Porque la muerte ha seguido agazapada bajo sus techos, aunque los medios lo hayan silenciado, aunque hayamos permitido que los criminalicen. Hace solo un par de años, en febrero de 2022, un sexagenario murió dentro de su propio coche en Benalup, también lo recuerdo, porque aquel era el único techo que le quedaba después de su desahucio. Pero hay y habido muchos más suicidios, muchas muertes tras nuestro silencio. Es larga la nómina hasta llegar a las dos hermanas que se tiraron el lunes pasado al patio interior de su vivienda en Sant Andreu (Barcelona) en mitad de la noche, pasadas las 4.00, en la hora del lobo. Poco después se publicaba la noticia de que los precios del alquiler han batido todos los récords en la Ciudad condal.
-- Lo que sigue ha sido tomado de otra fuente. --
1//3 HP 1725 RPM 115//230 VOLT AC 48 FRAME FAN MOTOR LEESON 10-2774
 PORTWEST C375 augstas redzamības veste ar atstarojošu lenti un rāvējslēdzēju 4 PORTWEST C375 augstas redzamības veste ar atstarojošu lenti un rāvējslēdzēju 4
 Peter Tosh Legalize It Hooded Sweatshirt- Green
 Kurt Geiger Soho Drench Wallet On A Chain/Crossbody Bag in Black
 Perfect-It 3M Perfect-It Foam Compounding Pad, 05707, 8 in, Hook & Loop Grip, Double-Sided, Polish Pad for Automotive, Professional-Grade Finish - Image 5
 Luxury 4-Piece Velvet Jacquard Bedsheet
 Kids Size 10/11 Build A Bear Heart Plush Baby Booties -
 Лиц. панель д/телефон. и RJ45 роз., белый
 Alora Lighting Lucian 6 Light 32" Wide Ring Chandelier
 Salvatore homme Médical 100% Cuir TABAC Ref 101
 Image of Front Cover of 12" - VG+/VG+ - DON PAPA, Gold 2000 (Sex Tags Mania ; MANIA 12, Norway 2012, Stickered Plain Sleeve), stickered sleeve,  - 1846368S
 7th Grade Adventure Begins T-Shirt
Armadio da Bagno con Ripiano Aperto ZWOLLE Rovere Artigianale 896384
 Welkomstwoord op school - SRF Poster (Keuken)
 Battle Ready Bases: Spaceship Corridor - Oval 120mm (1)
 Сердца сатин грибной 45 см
Como en Madrid, y en tantas capitales españolas.
Mata la situación de la vivienda, este disparate que permitimos con el simple movimiento de ir alejándonos paulatinamente del centro de la ciudad. Sí, eso mata. MATA. Pero también matan el silencio, la vergüenza y la culpa, sé bien de qué hablo. Mata que no se hable, que no sepan que no están solas, solos, que son miles y miles las personas que no pueden pagarse el techo en este país que presume de buena economía. Mata el encumbramiento popular de los desokupadores. Y también mata que los poderes públicos alardeen de una economía recuperada, porque es falso. Se pueden publicar cuarenta veces cuarenta noticias sobre la creación de empleo, que si ese empleo no te permite pagar el techo bajo el que sobrevivir —sobrevivir apenas— ¿de qué te sirve?
Entonces, cuando la crisis de 2008, nos fuimos unos cuantos millones a la calle, sí, y perdimos el techo, obviamente. Éramos pobres, por supuesto, pobres y a mucha honra. La diferencia es que, ahora, quienes se quedan en la calle tienen un puesto de trabajo y además se les clava en el pecho un señalamiento vergonzoso, se les criminaliza y desprecia. La muerte sigue su ronda helada alimentada por nuestro silencio mientras en los medios de comunicación los llaman delincuentes.